Idealismo realista e coragem para enfrentar a vida.

Há livros que marcam, para toda uma vida. Podem ser duas ou três ideias, que repousam no fundo da memória,  nos cantos recônditos da alma, e que, com irregular ritmo -quando lhes apetece- surgem, põem a cabeça para fora, nos dizem: estou aqui, lembras? Este é um desses livros. Uma recomendação que devo creditar -e agradecer- a um professor de literatura que tive há mais de meio século. A vida de D. Quixote e Sancho, sonhada e assimilada, com vitalismo singular, por Miguel de Unamuno, publicado em 1905. Fiz um longo resumo da obra, naturalmente em castelhano, porque muita audácia me parece, oferecer uma tradução livre da prosa do Reitor da Universidade de Salamanca.

Mas, sabendo da compreensão de D. Miguel, atrevo-me, sim, a traduzir um par de parágrafos -plasmar as ideias que surgem, vez e outra- pois essas estão lá, datilografadas, no meu fichário há mais de 30 anos. Encontro um que me comove, porque há muitos anos copiei-o, com devoção e cuidado, num pedaço de papel, e usei-o inúmeras vezes, como alavanca para as minhas tentativas de humanização e para empurrar a sonhar sem medo. Diz assim: “Tudo neles é sensualidade, e mesmo com ideias, grandes ideias, eles se apaixonam sensualmente. Eles são incapazes de casar com uma ideia grande e pura e constituir uma família a partir dela; apenas acumulam ideias, as consideram como amantes, menos ainda, talvez como companheiras de uma noite.” Um grito de gelar o sangue – mais ainda hoje– quando os ideais e os projetos não duram, não passam da terceira página… como diz um amigo meu.

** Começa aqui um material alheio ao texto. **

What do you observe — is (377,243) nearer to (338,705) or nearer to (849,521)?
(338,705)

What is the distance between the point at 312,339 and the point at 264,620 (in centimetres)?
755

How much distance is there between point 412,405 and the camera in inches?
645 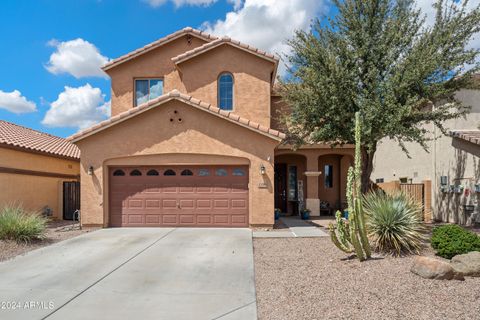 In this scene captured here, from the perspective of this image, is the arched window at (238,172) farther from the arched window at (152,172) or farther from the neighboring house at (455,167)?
the neighboring house at (455,167)

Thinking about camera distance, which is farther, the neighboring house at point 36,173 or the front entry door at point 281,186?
the front entry door at point 281,186

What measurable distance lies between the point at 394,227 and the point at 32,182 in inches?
642

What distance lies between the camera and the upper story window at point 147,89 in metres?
19.0

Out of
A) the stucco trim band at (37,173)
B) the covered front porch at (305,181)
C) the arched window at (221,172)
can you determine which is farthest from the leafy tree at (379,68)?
the stucco trim band at (37,173)

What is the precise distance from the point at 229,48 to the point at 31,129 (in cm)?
1441

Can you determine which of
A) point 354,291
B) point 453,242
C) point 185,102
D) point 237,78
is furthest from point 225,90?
point 354,291

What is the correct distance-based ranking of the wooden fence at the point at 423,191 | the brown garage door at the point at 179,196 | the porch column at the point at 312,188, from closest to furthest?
the brown garage door at the point at 179,196 → the wooden fence at the point at 423,191 → the porch column at the point at 312,188

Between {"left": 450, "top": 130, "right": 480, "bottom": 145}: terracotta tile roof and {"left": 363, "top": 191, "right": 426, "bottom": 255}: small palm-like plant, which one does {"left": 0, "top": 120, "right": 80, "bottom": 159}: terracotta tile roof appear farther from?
{"left": 450, "top": 130, "right": 480, "bottom": 145}: terracotta tile roof

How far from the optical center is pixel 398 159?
22.9 m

Em outra ficha em papel, encontro isto anotado: “Duas moças da festa (de vida fácil), transformadas em donzelas por Dom Quixote, ó poder de sua loucura redentora!, foram as primeiras a servi-lo com carinho altruísta. Nunca foi um cavalheiro por damas tão bem servido. Com alma de mãe, as festeiras perguntaram a Dom Quixote se ele queria comer. Veja, então, se ele as torna donzelas com sua loucura. Toda mulher, quando se sente mãe, vira donzela (…) Não lembro quem disse isso, mas quem disse o disse muito bem, que para quem ama muito é o amor -amor pela mulher entenda-se- algo subordinado e secundário na vida deles, e é o principal nela para quem ama pouco”.

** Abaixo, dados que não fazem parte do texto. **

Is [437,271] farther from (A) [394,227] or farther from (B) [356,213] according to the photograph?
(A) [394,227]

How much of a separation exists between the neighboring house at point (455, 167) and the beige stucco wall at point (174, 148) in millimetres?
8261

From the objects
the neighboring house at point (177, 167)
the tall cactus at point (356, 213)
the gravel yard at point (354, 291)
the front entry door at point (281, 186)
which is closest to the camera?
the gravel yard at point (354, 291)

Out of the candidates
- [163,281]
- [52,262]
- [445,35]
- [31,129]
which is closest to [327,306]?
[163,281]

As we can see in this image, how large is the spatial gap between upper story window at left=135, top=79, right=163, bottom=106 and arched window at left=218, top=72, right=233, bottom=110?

E mais uma ideia, arrebatadora e realista. O amor ao próximo – e não à humanidade – também tomou forma em alguma ficha, na minha primeira leitura: “Ame o próximo como a si mesmo” – nos disseram – e não ame a Humanidade, porque esta é um abstrato que cada pessoa concretiza em si mesmo. Pregar o amor à Humanidade é um modo disfarçado de pregar o amor próprio. Também essa cilada atingia Dom Quixote, e toda a sua carreira foi uma purificação dela. Aprendeu a amar todos os seus próximos amando-os em Sancho, porque é na cabeça do próximo e não na humanidade, onde todos são amados. Amor que não cristaliza sobre o indivíduo não é amor verdadeiro.” Quer dizer, o amor ao próximo não é uma enteléquia, mas algo que deve recair sobre o vizinho que temos do lado. Um desafio para os projetos de impacto social…..que se preocupam com os que estão distantes, e ignoram o vizinho da porta do lado.

Ninguém ama pessoas jurídicas, nem instituições; e quem equivocadamente o faz, antes ou depois, defronta-se com o desengano. O amor tem de ser concreto, incarnar-se em alguém. Lembrei-me de uma professora que tive no primário, sábia mulher. Era a década de sessenta, promoviam-se campanhas para recolher esmolas para as crianças da África. A professora comentou: “É ótimo dar esmolas para as criancinhas do Congo, sobretudo porque o dinheiro vem dos pais. Mas bom mesmo é dividir o teu lanche –que está na tua mochila- com o colega da carteira do lado. O Congo está muito longe, gente; vamos dar esmola por aqui mesmo”. Naturalmente, o bicho pegava por dizê-lo de modo simples e claro.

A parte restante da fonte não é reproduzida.